Improvement recommendations
797,891
Estimated market value
£3.67Bn
Distinct improvement types
47
Regions covered
10 regions
Solar PV is the most frequently recommended measure
185,171 recommendations
Data period - Jan 2025 - Dec 2025
England & Wales
Source
Locarla EPC Dataset · RdSAP assessments
01
Overview - what this report covers
797,891 improvement recommendations recorded across 47 distinct work types in 10 regions. One property can appear in multiple categories - each figure represents a specific improvement type recommended for a number of homes. The £3.67Bn market value is calculated from actual cost ranges in the dataset (cost range midpoint × recommendation count).
797,891
Improvement recommendations across different work types
One property can appear in multiple categories
£3.67Bn
Estimated market value
Cost range midpoint × recommendation count
47
Distinct improvement types
Solar PV is the most frequently recommended measure - 185,171 recommendations
13
Contractor work categories
47 improvement types grouped into 13 work categories · Floor Insulation appears in 27% of all recommendations
How market value is calculated: Each improvement type carries an indicative cost range in the dataset.
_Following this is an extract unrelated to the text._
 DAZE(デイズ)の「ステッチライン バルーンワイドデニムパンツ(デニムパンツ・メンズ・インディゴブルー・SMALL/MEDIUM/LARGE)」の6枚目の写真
The midpoint of that range is multiplied by the recommendation count to produce an estimated market value. This is an indicative figure - actual contract values will vary by specification, property type and contractor. All market values and recommendation counts are derived from EPC (Energy Performance Certificate) assessment data and reflect modelled improvement recommendations, not confirmed works programmes.
02
Estimated market value share - £3.67Bn total
The market is highly concentrated. A small number of categories represent the majority of the total estimated market value despite there being 13 distinct contractor work categories.
Estimated market value by work category
insight 01
Floor Insulation & Solar PV are neck-and-neck
Both represent ~£1.22Bn each - 33% of market value apiece. Despite different recommendation volumes, their average unit costs converge, making them equally valuable pipeline targets. Missing either means missing a third of the total market.
insight 02
3 categories account for 83% of total estimated market value
Floor Insulation, Solar PV & Battery, and Renewables & Low Carbon Heat together represent £3.05Bn. Contractors without capability in at least one of these three will miss the majority of available opportunities through to 2030.
insight 03
Wall Insulation is the fourth-largest category by value (£431M)
At 11.7% of total value, Wall Insulation is the fourth-largest category and the dominant work type in London. IWI/EWI specialists have a large, structurally underserved market in urban regions with older solid-wall housing stock.
insight 04
Smaller categories represent a bundling opportunity
Glazing & Doors (£67M), Boiler & Heating (£34M) and Roof & Loft (£34M) are smaller in share but represent genuine bookable contract value - particularly for contractors bundling multiple measures per property visit to maximise revenue per mobilisation.
03
Work category mix by region
How improvement recommendations are distributed across work types in each region (properties may appear in multiple categories). Yorkshire and North West carry the largest total pipelines. Greater London stands out - its Wall Insulation segment is visibly larger than every other region, reflecting its dense solid-wall Victorian and Edwardian housing stock.
Stacked Work Category Recommendations by Region
insight 01 - volume leaders
Yorkshire & North West represent over 26% of the national pipeline
Yorkshire (109,912) and North West (102,425) are the two largest regions - both driven by Solar PV and Floor Insulation. Together they account for over 26% of the entire national pipeline. Multi-year HA frameworks here offer the most scale for volume contractors.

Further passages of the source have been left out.